> **LISTED RECORDS**:
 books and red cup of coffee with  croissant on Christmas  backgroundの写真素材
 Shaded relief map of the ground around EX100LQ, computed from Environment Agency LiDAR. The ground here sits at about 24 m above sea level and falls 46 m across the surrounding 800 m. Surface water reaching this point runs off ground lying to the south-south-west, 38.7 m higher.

==

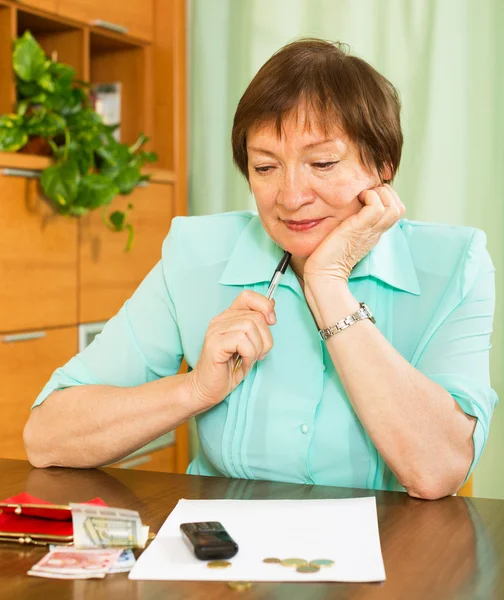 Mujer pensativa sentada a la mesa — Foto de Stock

> **TASK INSTRUCTIONS**:
Looking at the data above, return every line from the one with "books and red" down to the one with "Shaded relief map", exactly and inclusively.

> **ANSWER BELOW**:
 books and red cup of coffee with  croissant on Christmas  backgroundの写真素材
 Shaded relief map of the ground around EX100LQ, computed from Environment Agency LiDAR. The ground here sits at about 24 m above sea level and falls 46 m across the surrounding 800 m. Surface water reaching this point runs off ground lying to the south-south-west, 38.7 m higher.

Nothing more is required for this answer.